Although stock prices are in the middle of a long-term climb, the next few months could be hard on the market, according to Robert Farrell, the chief market analyst for Merrill Lynch, Pierce, Fenner & Smith.
Farrell predicted that stock prices, as measured by the Dow Jones industrial average, could decline by as much as 15 percent before resuming their long-run upward climb.
Albert Cox, chief economist for Merrill Lynch, forecast that the economy will slide back into recession during the first half of next year and that for the year as a whole the economy will grow by no more than 1 1/2 percent.
Cox, speaking to the same breakfast seminar for reporters that Farrell addressed, said that the rate of inflation should come down to between 8 percent and 9 percent in 1981. The economy is expected to have grown about 0.7 percent by the time 1980 ends, and inflation will be about 13 percent for the year as a whole.
The 1981 downturn will be lead by the same stocks that have pushed the stock market up steadily since mid-April, Farrell said -- mainly oil and energy stocks and technology issues.
"It will not be a great year," he said. "It will be a disappointment. But any decline is an opportunity for investors," who can earn a better return purchasing lower-priced stocks that have yet to begin an upward climb.
Next year investors should be cautious and look to stocks that have not been in favor during the current rally, he advised, adding that bigger, more mature companies will do well after the 1981 "correction" is over, including appliance manufacturers, drug companies, merchandisers and "even some utilities."
"On technical grounds, I would be cautious about the recent enthusiasm for stocks," Farrell told reporters. "The instant-gratification crowd is surging into stocks today. Those who make money go in when things are quiet." s
Farrell, one of the most accurate forecasters of stock prices in recent years, said that new presidents "tend to be greeted" with stock market rallies that last one to three months -- "Then there is a reassessment."
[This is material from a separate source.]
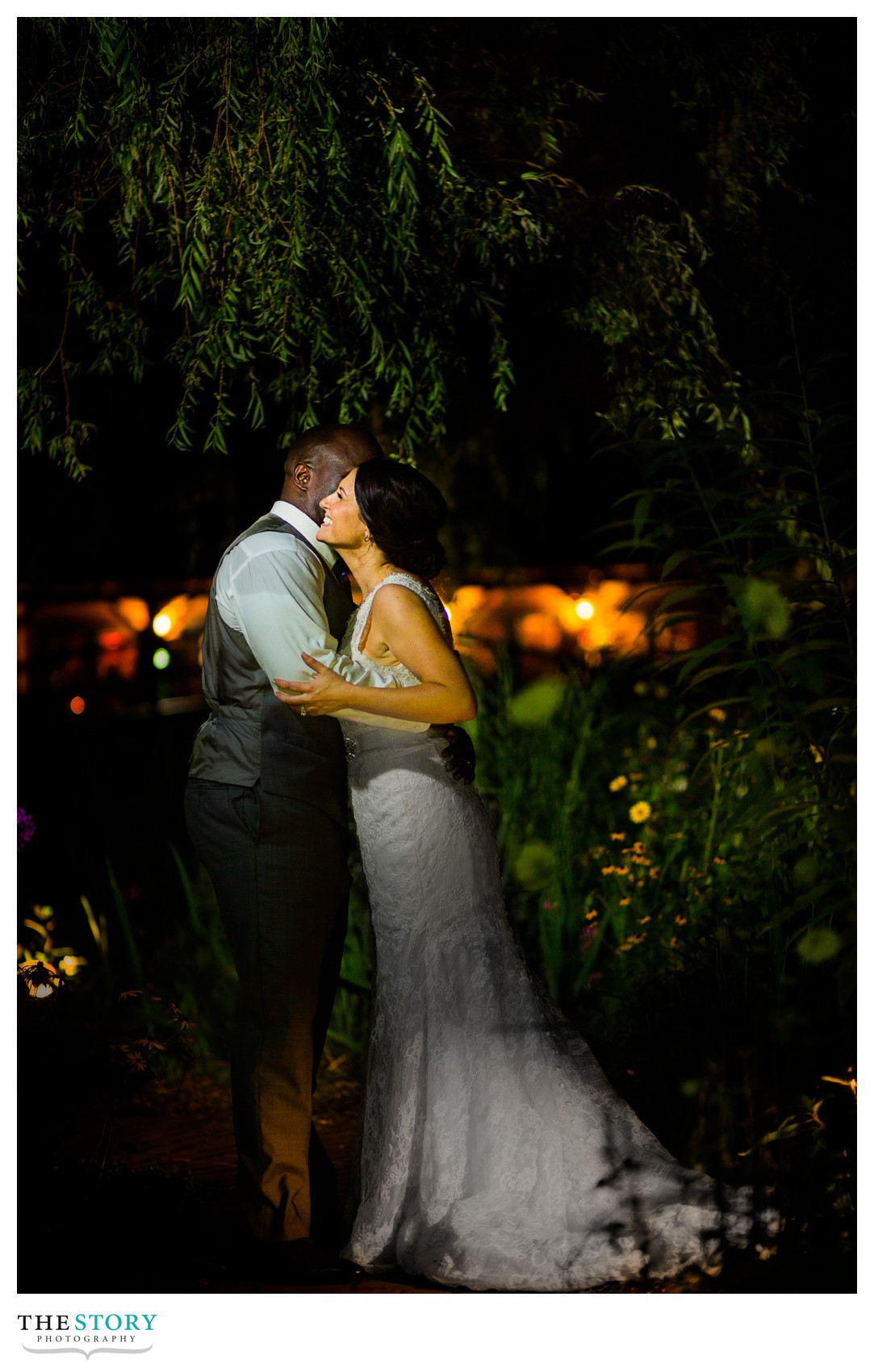 night wedding photo at mirbeau garden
"The record of markets in post-election years is not a good one," he said. In the last half century, stock prices have gained in only three post-election years. In two of those instances, stock prices fell during the previous year, Farrell said. In election year 1980, the Dow index has gained sharply.
Nevertheless, the long-term case for stocks "remains fairly persuasive," he continued:
"Both value and supply and demand make the case for stocks," Farrell said.